Anwendungserlass zur Abgabenordnung des BMF: Berich­ti­gung oder Selb­st­an­zeige?

von Thorsten Franke-Roericht, LL.M. und David Roth, LL.M. oec.

10.06.2016

2/2: Wer muss eigentlich berichtigen?

Hinsichtlich des sachlichen Anwendungsbereichs hätte sich ergänzend der zusätzliche Hinweis angeboten, dass eine Berichtigung nach § 153 AO nur bei Tatsachenfehlern zu erfolgen hat. Bloße rechtliche Fehler sollten keine Berichtigungspflicht auslösen.

Positiv zu werten sind auch die Aussagen zum beschränkten Adressatenkreis. Klar ist, dass der Steuerpflichtige (respektive dessen gesetzliche Vertreter wie etwa der Vorstand einer AG oder der Geschäftsführer einer GmbH) sowie gegebenenfalls dessen Erben zur Berichtigung verpflichtet sind. Ehegatten und Lebenspartner sind demgegenüber nur für die ihnen einzeln zurechenbaren Besteuerungsgrundlagen verantwortlich.
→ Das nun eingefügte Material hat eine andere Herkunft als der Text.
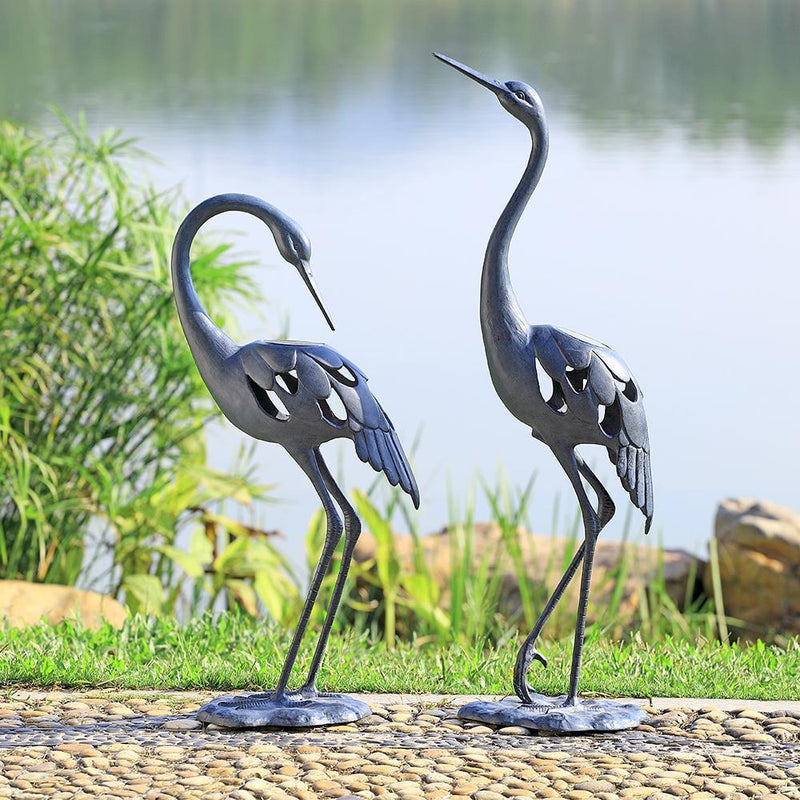 Crane Pair LED Garden Sculptures-Iron Home Concepts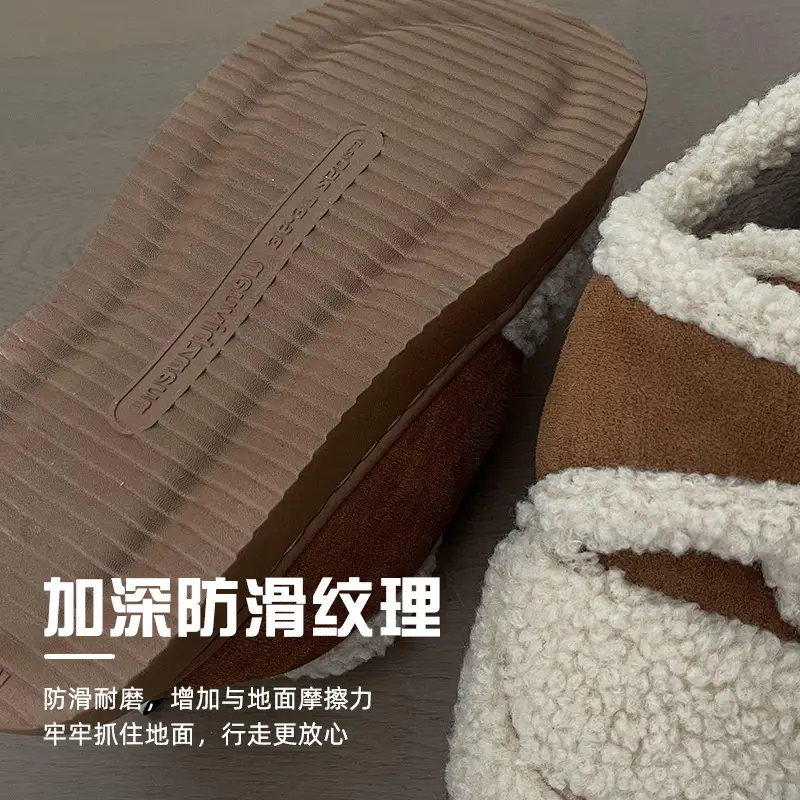Nanbowan outdoor cotton-padded shoes women's winter lambswool Korean style ins popular Net Red warm fleece-lined Velcro bag heel shoes - Image 8
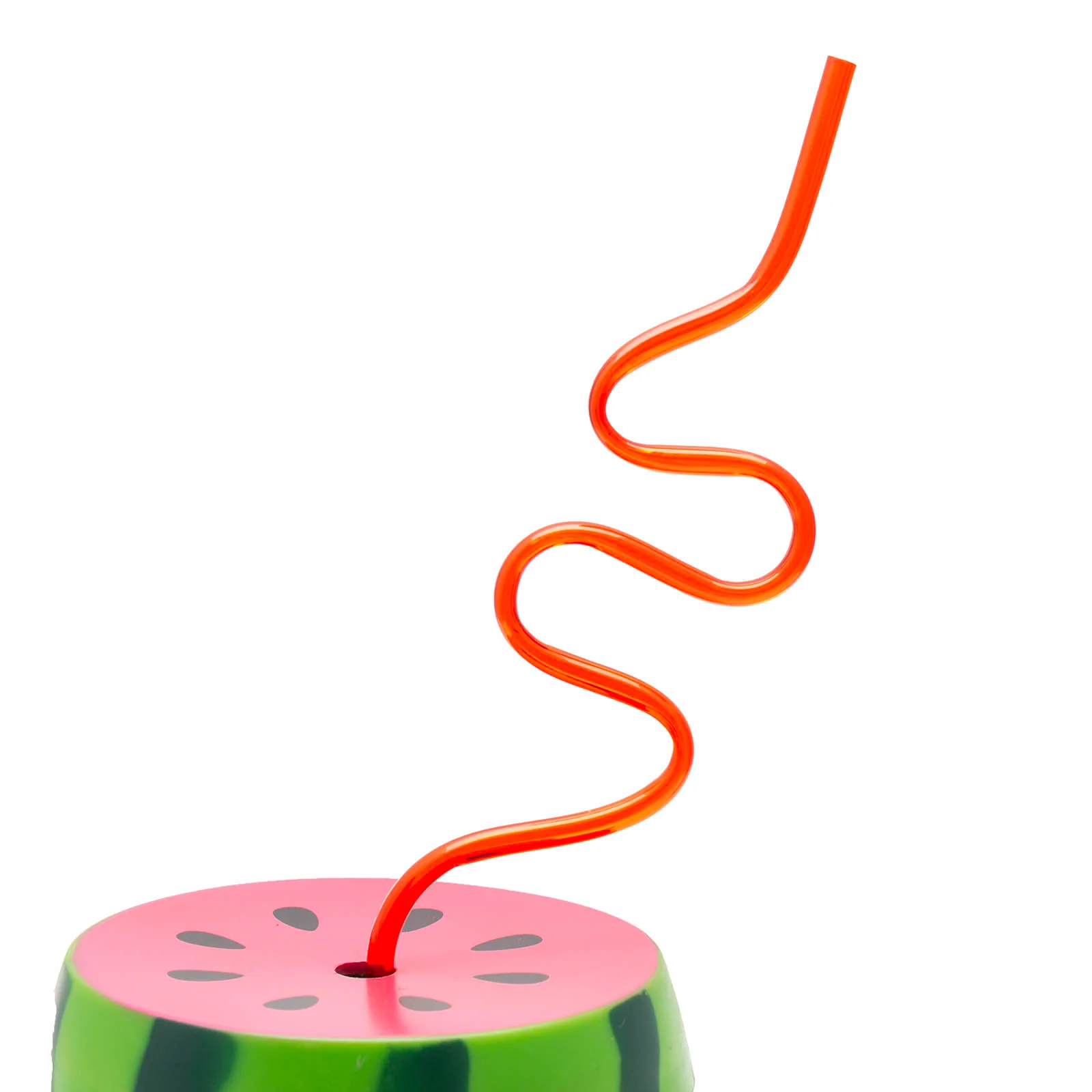 BarConic® Plastic Watermelon Drinking Cup w/ Twisty Straw and Lid - 28oz - Image 3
Neu ist zudem die eindeutige Aussage in Bezug auf steuerlich Bevollmächtigte, zum Beispiel Steuerberater, Rechtsanwälte, Wirtschaftsprüfer, Lohnsteuerhilfevereine, für die bei Angelegenheiten der Mandanten keine Berichtigungspflicht bestehen soll. Eine Differenzierung nach Art und Umfang des übernommenen Auftrags ist somit nicht mehr notwendig.

Weiterhin stellt der Erlass unter Verweis auf die Rechtsprechung klar, dass der Steuerpflichtige Fehler des Finanzamts nicht berichtigen muss.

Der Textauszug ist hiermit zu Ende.